Article 3 – S’interdire en toutes circonstances aucune attitude de silence arrogant face aux doléances que leur adressent les citoyens.
Article 4 – S’engager à servir en toutes circonstances, avec humilité, bienveillance et respect l’intérêt supérieur des citoyens guadeloupéens et œuvrer à donner satisfaction à leurs revendications légitimes.
Article 5 – S’interdire à jamais de parler des citoyens guadeloupéens en termes de ‘‘population’’ (un terme réducteur qui désigne une masse informe et sans cohésion) et parler de nous en termes de ‘‘peuple’’. Ce terme dit avec pertinence qui nous sommes : une large communauté de citoyens partageant un même pays, la Guadeloupe, engagés dans une communauté d’histoire, de culture et de destin.
Article 6 – S’interdire de parler de la Guadeloupe en termes de « DOM », « DROM », « d’Outre-mer » ou de « territoire », tous ces mots et acronymes avec lesquels on nous estampille depuis la ‘‘métropole’’, mais qui nous minorent, nous réduisent, nous rabougrissent en nous persuadant de notre irrémédiable dépendance au centre ‘‘métropolitain’’ tout puissant. Ils remplaceront ces mots inappropriés par le mot ‘‘pays’’, car la Guadeloupe est un pays quand bien même elle n’est pas un État nation.
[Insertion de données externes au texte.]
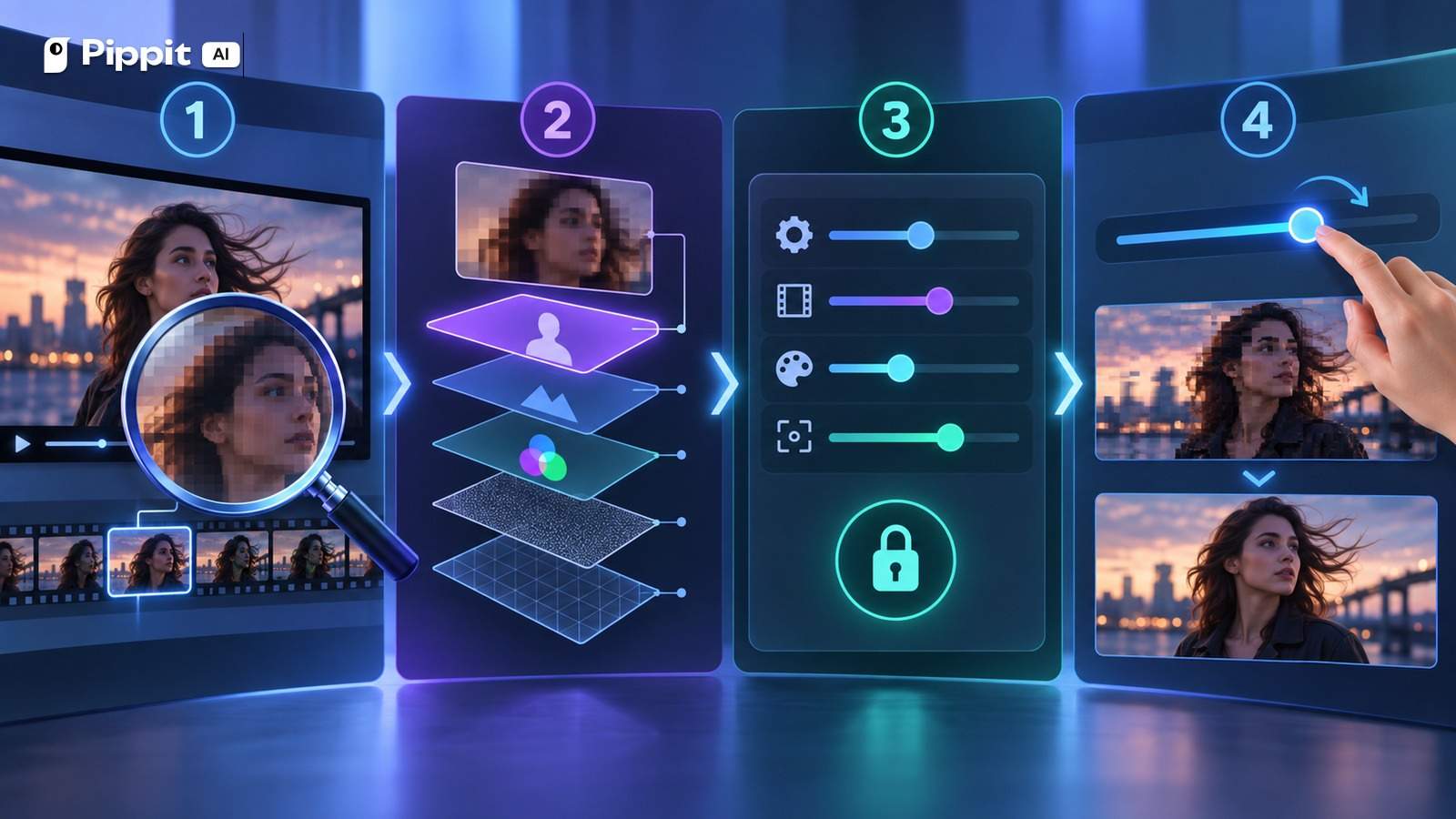A four-step visual workflow inspects a bad frame, classifies layers, locks settings, and makes one adjustment.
Article 7 – S’interdire donc, pour parler du pays Guadeloupe et de ses citoyens, d’utiliser tout terme réducteur conduisant à nous essentialiser. Par exemple à faire de nous des bêtes de sport dans une Guadeloupe réduite à n’être qu’une « terre de champions » et les Guadeloupéens de simples corps pour la performance, après qu’ils furent pendant des siècles, des bêtes de somme, des corps soumis au travail gratuit au bénéfice des planteurs esclavagistes.
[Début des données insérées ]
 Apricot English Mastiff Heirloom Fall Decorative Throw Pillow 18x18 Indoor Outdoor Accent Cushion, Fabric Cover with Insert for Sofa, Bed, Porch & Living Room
Article 8 – « Par nous-mêmes, pour nous-mêmes ». Par ce credo libérateur, s’obliger à imaginer des possibilités d’exister et d’agir autres que celles d’être les appendices, les projections coloniales des partis politiques ‘‘métropolitains’’ en Guadeloupe.
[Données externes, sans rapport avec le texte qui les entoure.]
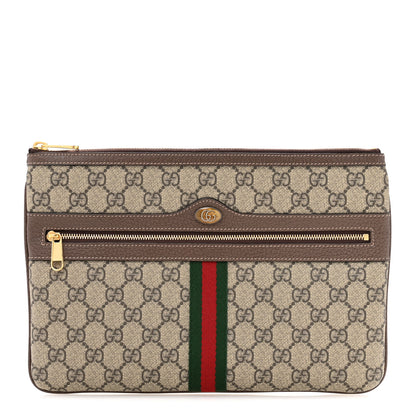 Gucci GG Supreme Monogram Large Ophidia Pouch Clutch Brown 1 of 9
Article 9 – S’interdire en toutes circonstances de parler de ce qu’il est convenu d’appeler nos ‘‘spécificités’’, ce qui a pour conséquence de faire de nos peuples des curiosités exotiques. S’obliger dès lors à cerner et faire prendre en compte nos ‘‘réalités’’. Elles sont : géographiques, environnementales, culturelles, économiques, sociétales…, et pour la plupart distinctes de celles de ‘‘l’Hexagone’’.
Article 10 – Les élus de la Guadeloupe agiront avec la pleine conscience que le génie français a vocation à servir la ‘‘grandeur de la France’’ dont les intérêts se distinguent de ceux de la Guadeloupe et des autres pays reliquats de son empire ‘‘outre-mer’’. Que la ‘‘métropole’’ française se nourrit des ressources naturelles et humaines de nos pays pour renforcer sa puissance et conforter sa place au septième rang des ‘‘grandes nations’’. Que sans nos pays dits ‘‘outre-mer’’, la France perdrait le confort que lui procure cette position en termes stratégiques avec le deuxième plus grand domaine maritime du monde après celui des États-Unis, en termes de biodiversité exceptionnelle, d’éventail de potentiel humain et de richesses artistiques et culturelles. Par conséquent, les élus guadeloupéens n’étant pas ignorants de cette logique de domination, doivent avoir avant tout, le souci de mettre toute leur intelligence et leur énergie au service des intérêts de leur pays, la Guadeloupe.